On June 5th, 1981, the United States Centers for Disease Control and Prevention (CDC) published a Morbidity and Mortality Weekly Report (MMWR), describing five cases of a rare lung infection, Pneumocystis carinii pneumonia (PCP), in young, otherwise healthy, gay men.1 This would become the first report of what would later be called the Acquired Immune Deficiency Syndrome (AIDS) epidemic. Clusters of other cases of rare diseases such as Kaposi's Sarcoma continued to be reported.2 In the decades that followed these reports, the detection, diagnosis, and treatment of Human Immunodeficiency Virus (HIV) would evolve in rapid fashion. Clinicians, researchers, and patients constantly look to the future. Vaccine studies and cure research are met with cautious optimism.

This review will summarize the past, present, and future of antiretrovirals (ARVs) for the treatment and prevention of HIV.

The Past

Treatment of HIV has a long and rich history. The first decade after the initial report of HIV saw the first immunoassay test and the approval of zidovudine (1987).3 This was followed in the 1990s by many more therapies and the advent of triple drug therapy. Combination tablets and single tablet regimens then followed.

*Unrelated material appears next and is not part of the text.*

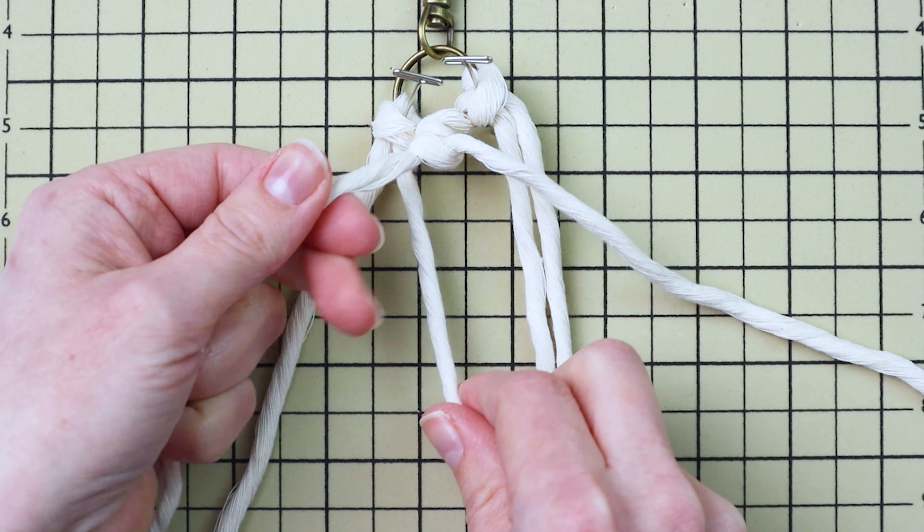Take your leftmost cord and tie a double half hitch knot going down and to the right — there's something a little different after this knot. Make sure it's right up next to that last row of knots. Once you finish this knot, take that working cord and hold it together with the filler cord, then use both of those cords as the filler cord for the next double half hitch knot going down and to the right.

New formulations of existing products also simplified treatment (e.g. ritonavir tablets vs capsules) and improved bioavailability.3 The US President's Emergency Plan for AIDS Relief (PEPFAR) changed the discussion regarding the approach to universal access to treatment and care to accelerate control of the epidemic.4 The US Department of Health and Human Services Guidelines for the Use of Antiretroviral Agents in Adults and Adolescents Living with HIV have been updated over 30 times.5

Early innovations, such as giving medication sequentially and alternating therapies, gave way to triple drug therapy with data provided by a small study with indinavir, zidovudine, and lamivudine.6,7 Initial use of the nucleoside reverse transcriptase inhibitors (NRTIs) also led to the discovery that treatment of HIV led to decreased rates of vertical transmission.8 The use of low-dose ritonavir as a "boosting" agent for saquinavir set the stage for the recommendations currently in use and the need for decreased doses of other protease inhibitors.7,9 Monitoring HIV RNA, or "viral load" was recommended after HIV in the plasma was shown to be predictive of disease progression and death.10 Despite a low quality of life with the older agents, HIV was now a manageable, chronic disease.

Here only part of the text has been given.